Erzincan'da 500 civarında başörtülü öğrencisi olan Hukuk ve Eğitim fakültelerinde başörtülü öğrenciler derslere alınmıyor. Yasağa karşı yaklaşık 100 başörtülü öğrenci direniyor. Yine yaklaşık yüz başörtülü öğrencisi bulunan Meslek Yüksekokulumda başörtüsü yasağı yok. 800 civarında Öğrencisi bulunan Kız İHL'de ise fiili olarak yasak uygulanmamakla birlikte, Milli Güvenlik Dersi hocaları başlarını açmaları için öğrencilere baskı yapıyor. Başörtüsü yasağı Erzincan'da kendini hayatın diğer bir alanında gösteriyor. Şoförlük için Ehliyet belgesi alımında başörtülü fotoğraf kabul edilmiyor. Erzincanlı müslümanlar yasağa karşı halkın ve velilerin duyarlılığını artırıcı, yasakçıların keyfiliklerini engelleyici hukuki zeminde bir mücadele yürütmeye çalışıyorlar. Ayrıca yerel Selam Radyosu da soruna karşı duyarlı tutumuyla takdir topluyor, yayınlarıyla iletişim alanındaki boşluğu kendi gücü nispetinde gidermeye çalışıyor. Sinsice Bir Taktik: Yalnızlaştırma Politikası Tokat, Erzurum ve Erzincan örneğinde görülen o ki sorunu yaşayan başörtülü öğrenciler arasında ciddi bir kopukluk sözkonusu. Bu kopukluk, yasağa karşı gelişecek tepkileri baltalayan önemli bir zaaf. Halktan yeterli, ciddi, zulmü geriletici bir destek gelebilmesi için, en başta sorunu birinci elden yaşayan öğrencilerin yekvücut olması gerekiyor. Zaten bu konudaki fetva ve değişik etkenlerle büyük bir çoğunluğun başlarını açmaları sebebiyle taşıdıkları yük iyice ağırlaşan başörtülü direnişçiler kendi aralarındaki iletişim ve irtibat eksikliğiyle varolan güçlerini bile iyi değerlendirememekteler. Bu nedenle başörtülü direnişçiler ilk elde iletişim kanallarını ve irtibat ağlarını kurmalıdırlar. Başörtüsü sorunu ile ilgilenen dernek, vakıf vb. kurumlarla irtibat kurmak, yasakçıların sinsice bir taktiği olan direnişçileri yalnızlaştırma politikasını engelleyecektir.

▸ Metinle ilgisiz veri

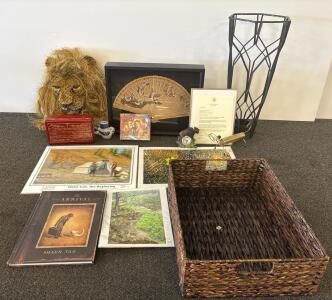 Mixed Decorative Art & Collectibles &ndash; Art Prints, Shaun Tan Book, Woven Basket, Fan & More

Başörtüsü yasağı sadece bir öğrenci sorunu değildir. Hele hele yalnızca başörtülü öğrencilerin sorunu hiç değildir. Başörtüsü yasağı "ben müslümanım" diyen herkesin sorunudur. Başörtüsü yasağı kampus içlerinde yapılan öğrenci eylemlilikleriyle geçiştirilmemelidir. Halk yasaktan haberdar kılınmalı, halkın başörtüsü yasağına karşı tepkisini gösterebileceği uygun kanallar oluşturulmalıdır. İnsanlar, hukuk dışı ve zorba bir uygulama olan başörtüsü yasağına karşı gösterecekleri tepkileri özgüven içerisinde, meşru bir zeminde anlamlandırmalı, polis fobisi ve gözaltı nedeniyle anlamsız bir korkuya kapılmamalıdırlar.
Yasağın uygulandığı her yerde yoğun bir çözülme yaşansa da, az sayıda da olsa direnen bir nesil mevcut. Başörtülerinin ne anlama geldiğini çok iyi bilen bu nesil, ne başörtülerini açıp onurunu ve kimliğini bırakıyor, ne de baskılar karşısında sinip geri dönüyor. Başörtüleriyle sınıfta, kampüste, sokakta varolma mücadelesi yürütüyor. İslami mücadelenin geleceğini inşa edecek nesil bu direnen insanlardan oluşmaktadır. Bir avuç da olsa, bu direnişçi gençlerin varlığı önemsenmeli ve bu damarın kurumasına izin verilmemeli. Bilakis bu gençlerin yetişmesine dönük fikri ve fiziki imkanlar oluşturulmalıdır. Kur'an Neslinin bu nüvelerden teşekkül edeceğini unutmamalıyız.